● **TASK GOAL**
Your reply should be the whole listing, copied exactly, with the pictures left out.
------------------------------
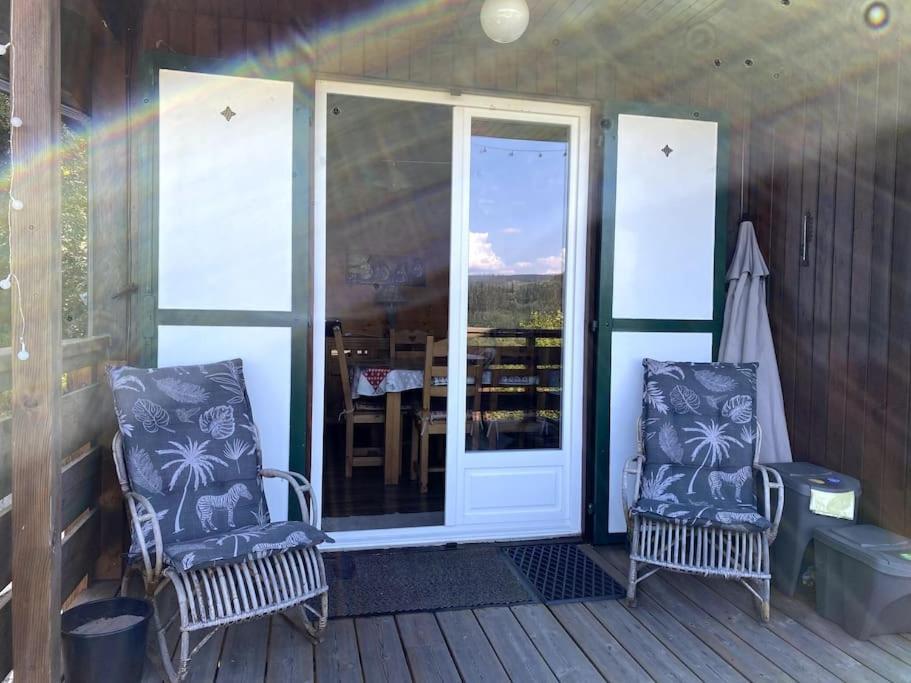 Le Chalet Des Coeurs Le Tholy Luaran gambar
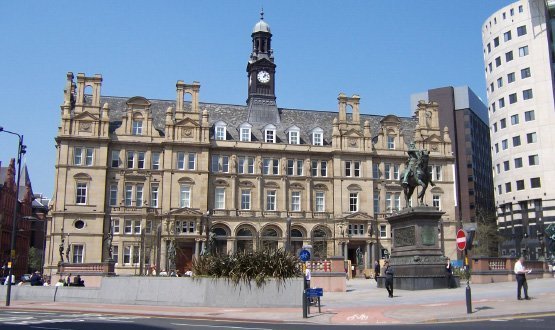Leeds leads the way on shared records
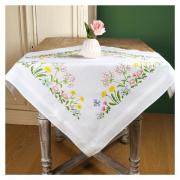Nappe - Fleurs des champs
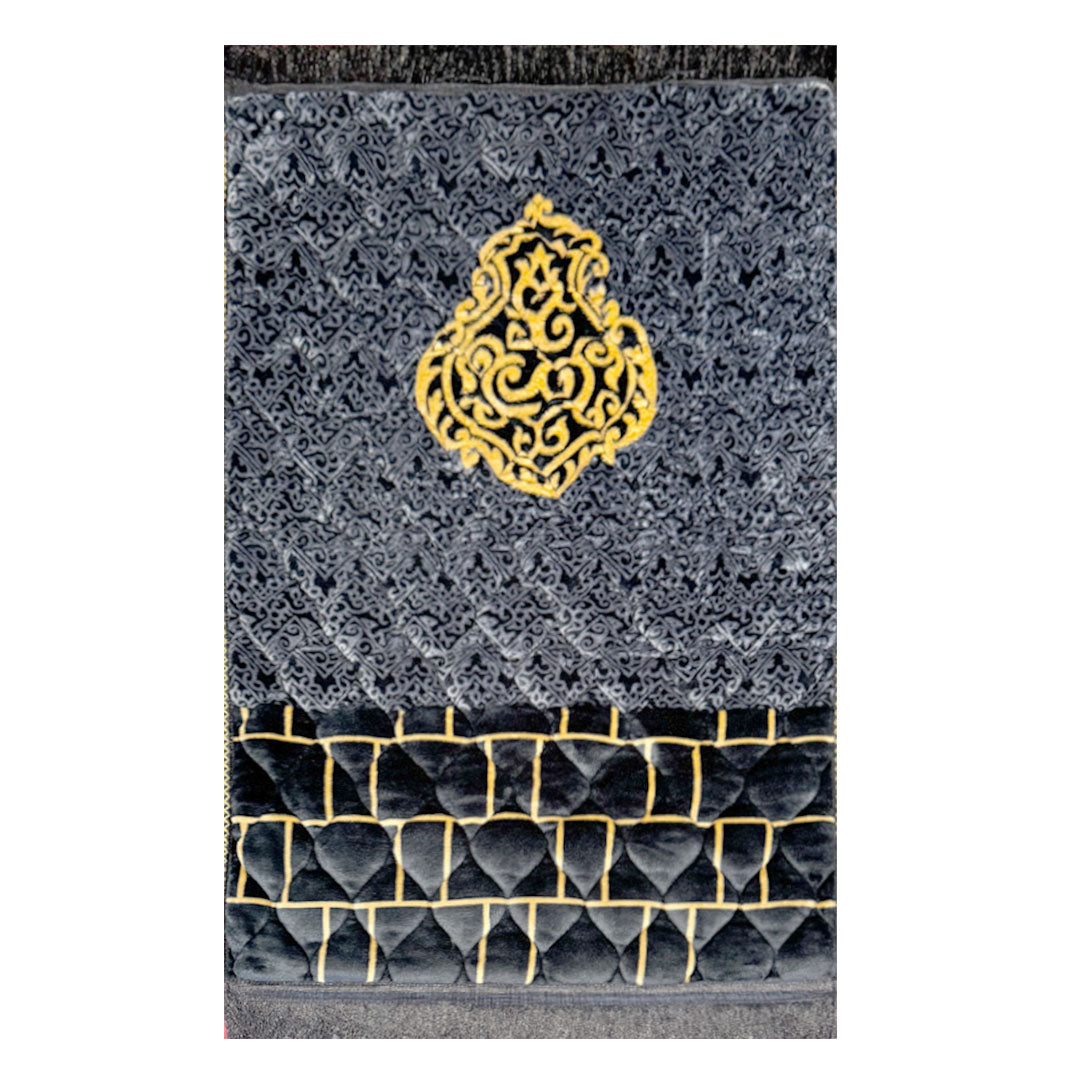Premium Prayer Mat Online in Pakistan | Jaanamaz | Gold Series Jumbo Size | GS | 2116-A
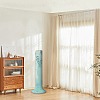 Cloth Tower Fan Dust Cover AJEW-WH20020-074D-3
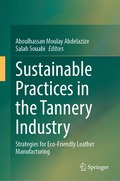 Sustainable Practices in the Tannery Industry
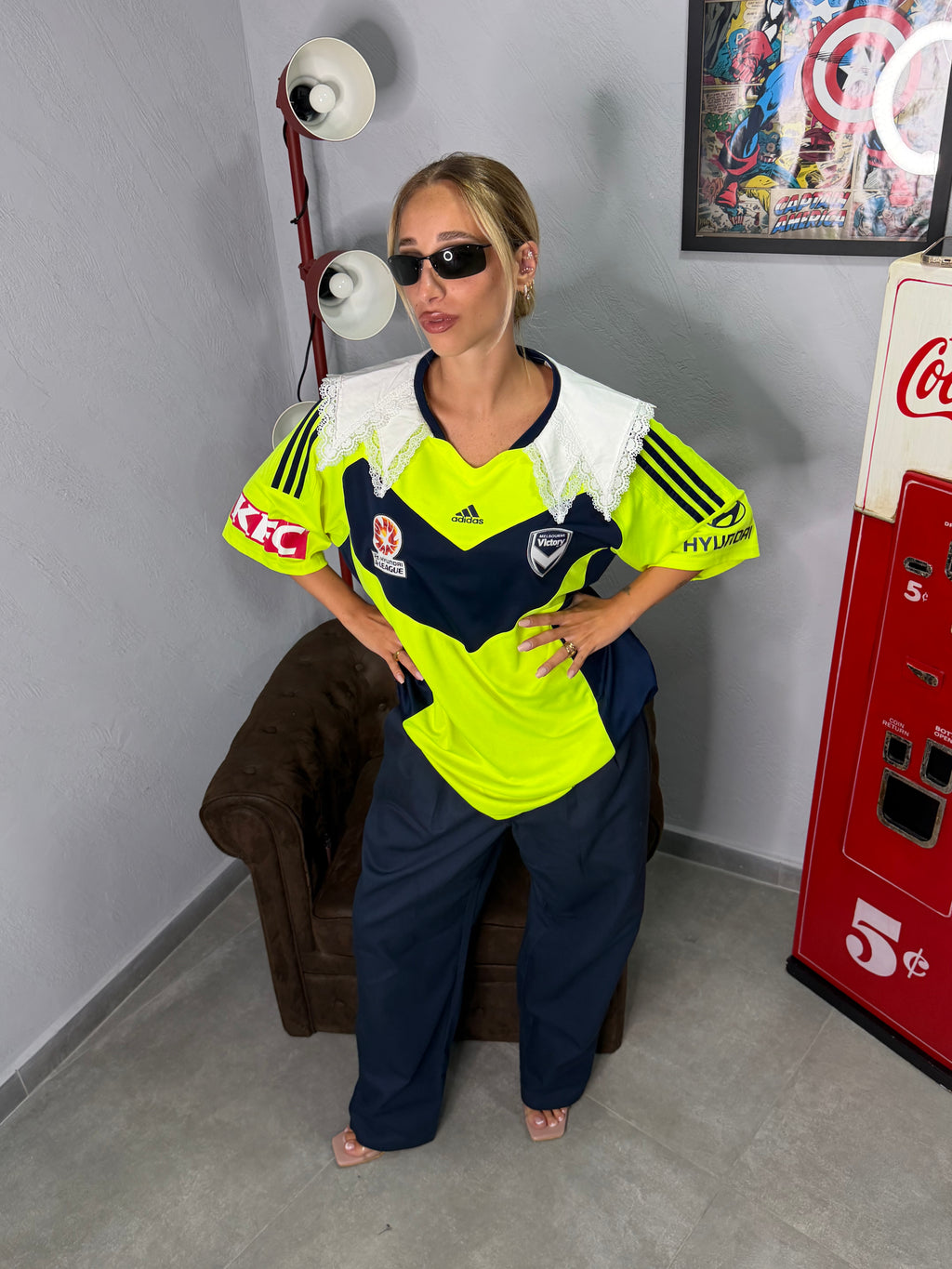 Maglia custom calcio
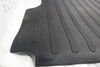 0  custom-fit mat bed floor protection westin custom fit truck - rubber black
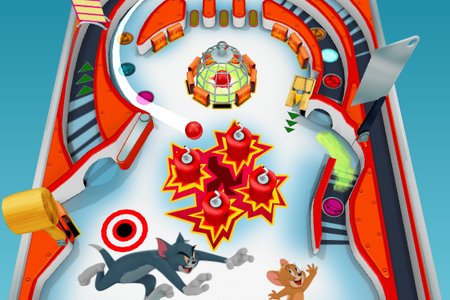 Tom & Jerry: Mousetrap Pinball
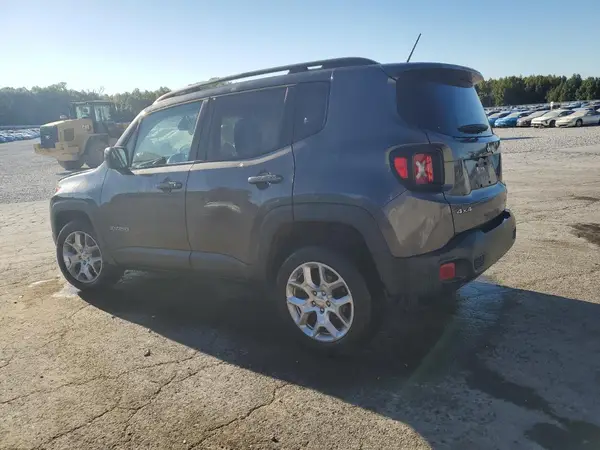 ZACCJBBB5HPF89413 2017 JEEP RENEGADE - Image 2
------------------------------
● **RESPONSE TO THE EXERCISE**
 Le Chalet Des Coeurs Le Tholy Luaran gambar
Leeds leads the way on shared records
Nappe - Fleurs des champs
Premium Prayer Mat Online in Pakistan | Jaanamaz | Gold Series Jumbo Size | GS | 2116-A
 Cloth Tower Fan Dust Cover AJEW-WH20020-074D-3
 Sustainable Practices in the Tannery Industry
 Maglia custom calcio
 0  custom-fit mat bed floor protection westin custom fit truck - rubber black
 Tom & Jerry: Mousetrap Pinball
 ZACCJBBB5HPF89413 2017 JEEP RENEGADE - Image 2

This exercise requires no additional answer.